Begitu pula laut sebagai sumber energi tidak disentuh. Padahal ketika membicarakan sumber energi terbarukan, laut menyimpan potensi yang sangat besar dengan mikroalganya. Dengan laut yang sangat luas, kita tidak terlalu sulit untuk mengupayakan energi terbarukan dari laut.

Kelima, sementara untuk menjawab pertanyaan moderator tentang ada potensi persaingan antara pangan dan energi dalam merebut lahan baik di darat maupun di laut, kuncinya tata ruang. Nah, bayangkan selama ini tata ruang pesisir dan laut—meski sudah diupayakan melalui UU Pengelolaan Wilayah Pesisir dan Pulau-Pulau kecil—ternyata belum tercipta dengan baik.
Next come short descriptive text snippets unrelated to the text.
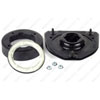 Strut Mounting Kit Buick Century 1990-85 Buick Electra 1990-85 Buick LeSabre 1990-86 Buick Reatta 19 - image 1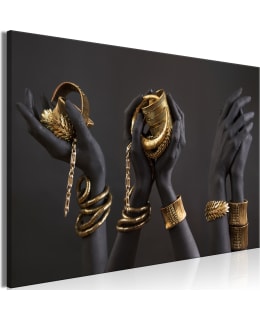 ARTGEIST A1-DKNW0755-DKXL TAULU Main Image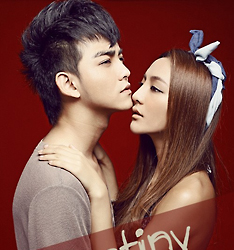 搜爱映画
	
		作者：匿名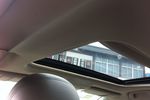 丰田卡罗拉2008款1.8L GL-i 自动 天窗特别版 点击看大图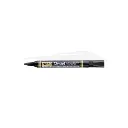 -pochette-de12-marqueurs-permanent-pentel-n850-coul-assorties-.webp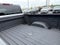 2025 GMC Sierra 2500HD 4WD Crew Cab Standard Bed Pro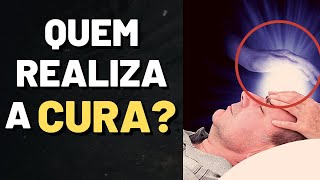 O QUE SÃO CIRURGIAS ESPIRITUAIS I Mensagem Espírita Para Você [upl. by Sheline]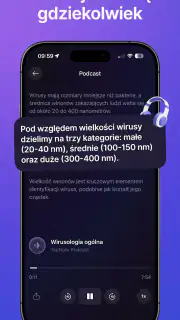 TapNote - AI Asystent w Nauce screenshot 8
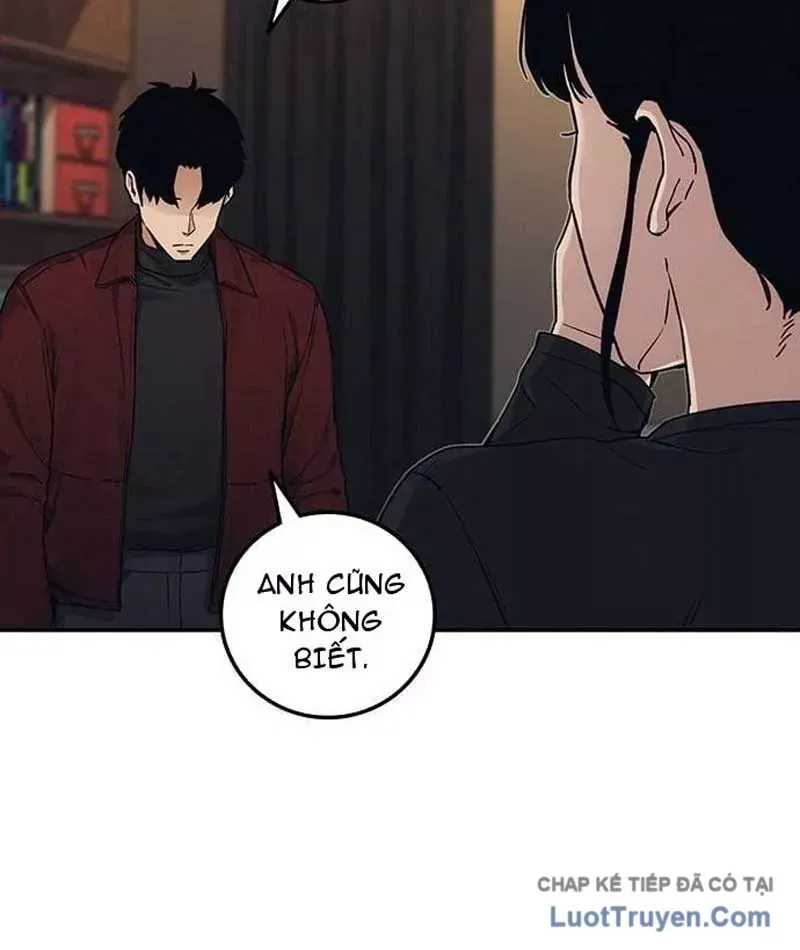 Tôi Sẽ Cho Bạn Biết Bạn Đáng Giá Bao Nhiêu Chap 36 - Next Chap 35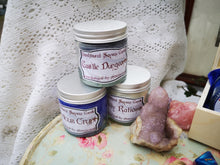Gift Boxed Trio of DnD gaming candles, 3 X 60ml, Dungeons and Dragons, soy wax
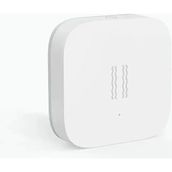Aqara Akıllı Titreşim Sensörü T1 VB-S01D (Apple Home Destekli) - 1 Adet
Ini karena daerah sebagai ujung tombak tata ruang pesisir belum melaksanakan UU tersebut. Berapa banyak kabupaten yang sudah memiliki rencana zonasi? Tentu tidak sampai 5%. Ini mesti menjadi perhatian capres, bagaimana mengendalikan daerah agar bisa taat pada UU

Kerangka Eksekusi

Memang debat terakhir sangat menarik sehingga publik bisa menilai visi dan programprogram yang akan dilaksanakan para capres-cawapres bila mereka terpilih. Namun, yang penting, bukanlah visi dan gagasan tentang program-programnya, melainkan bagaimana kerangka eksekusinya. Pak SBY memiliki program yang sangat baik yakni Revitalisasi Pertanian, Perikanan, dan Kehutanan (RPPK) pada 2005-an.

Apa hasilnya? Publik tidak bisa melihat hasilnya di lapangan karena RPPK sangat bagus pada tataran konsep, namun kurang pada kerangka eksekusinya. Semoga kita tidak mengulang ihwal seperti ini.